What the task asks: Exact copies of all the lines below are required, with the pictures omitted.

Recorded information Start Marker

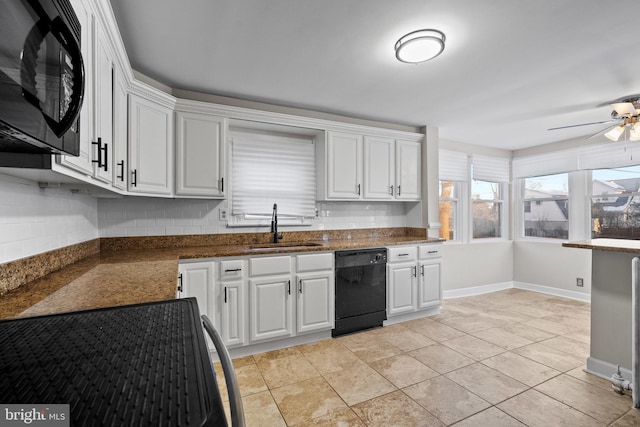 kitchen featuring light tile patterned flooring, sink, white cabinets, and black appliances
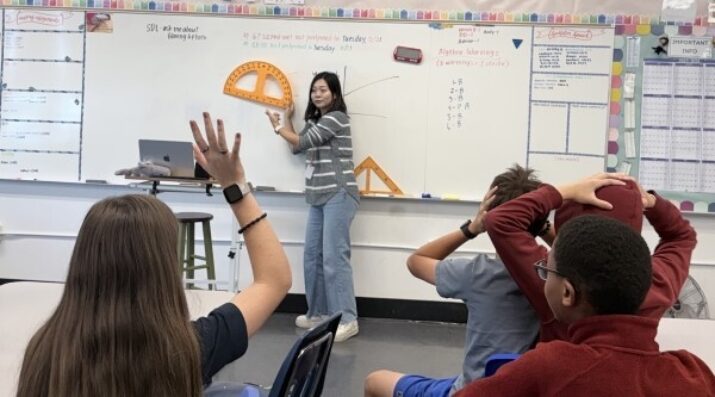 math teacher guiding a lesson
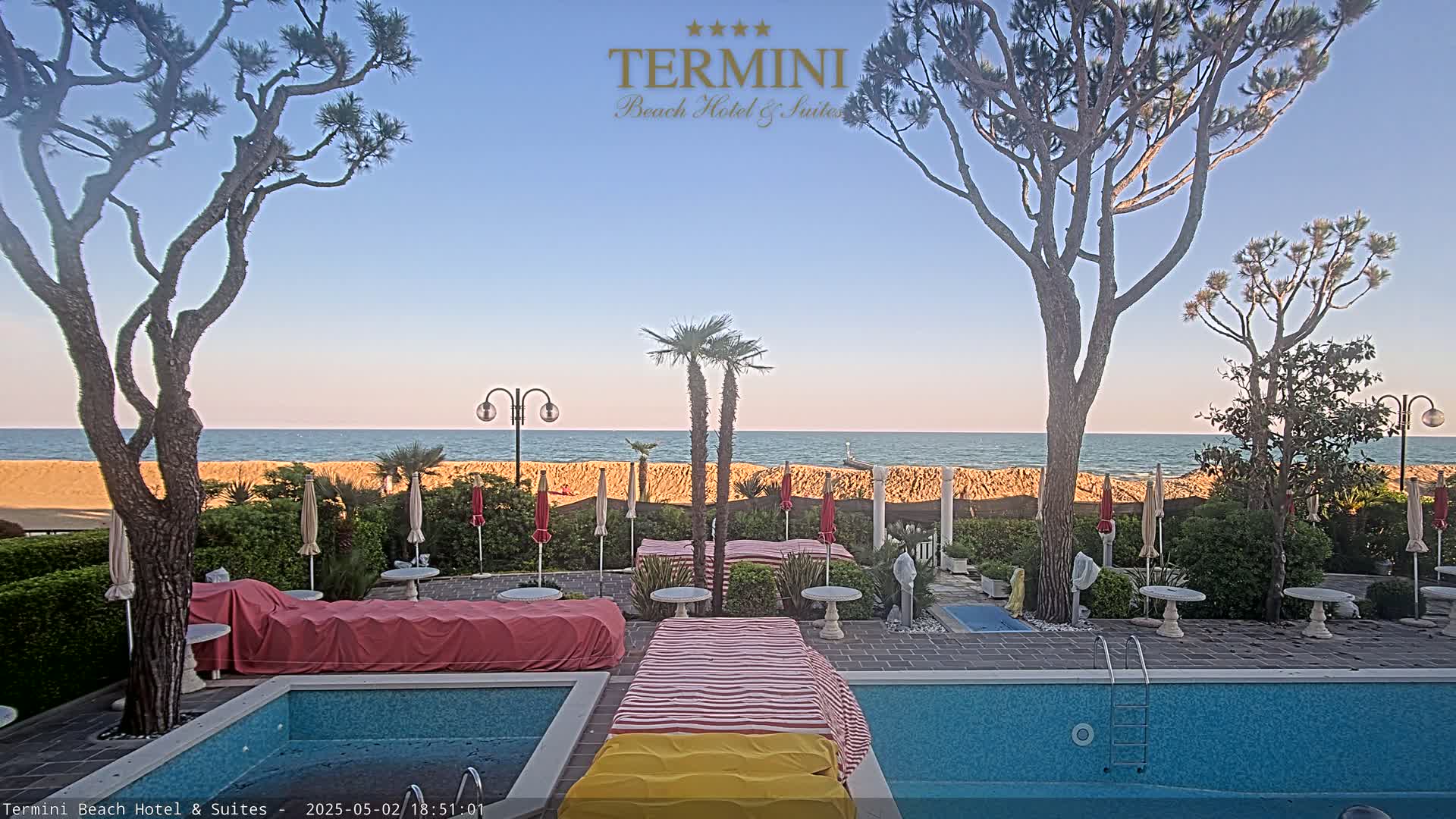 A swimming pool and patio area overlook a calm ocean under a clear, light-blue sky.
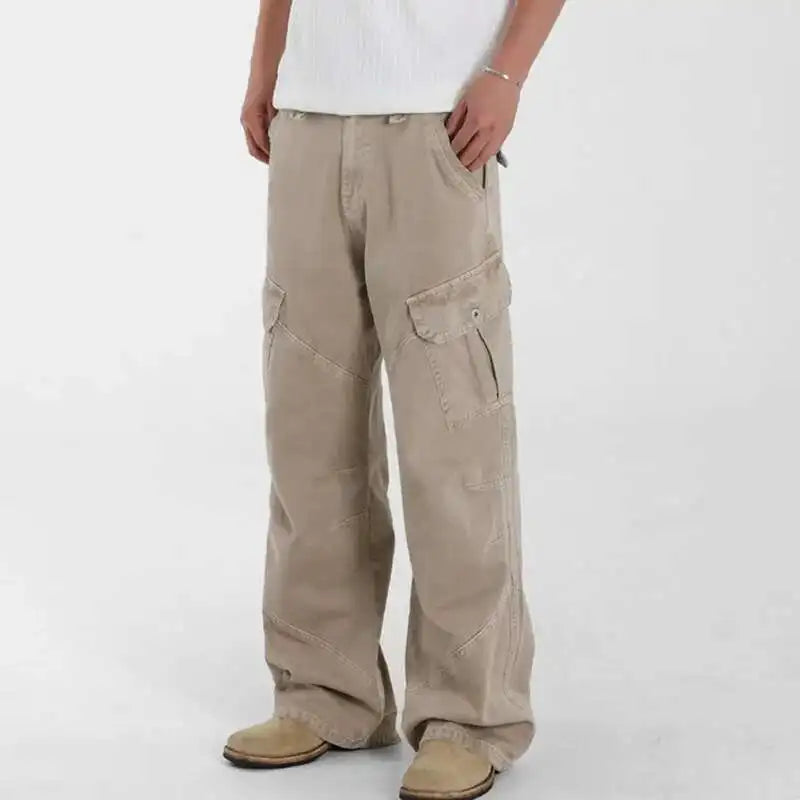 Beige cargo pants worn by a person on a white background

Recorded information End Marker

Answer to this problem:
 kitchen featuring light tile patterned flooring, sink, white cabinets, and black appliances
 math teacher guiding a lesson
 A swimming pool and patio area overlook a calm ocean under a clear, light-blue sky.
 Beige cargo pants worn by a person on a white background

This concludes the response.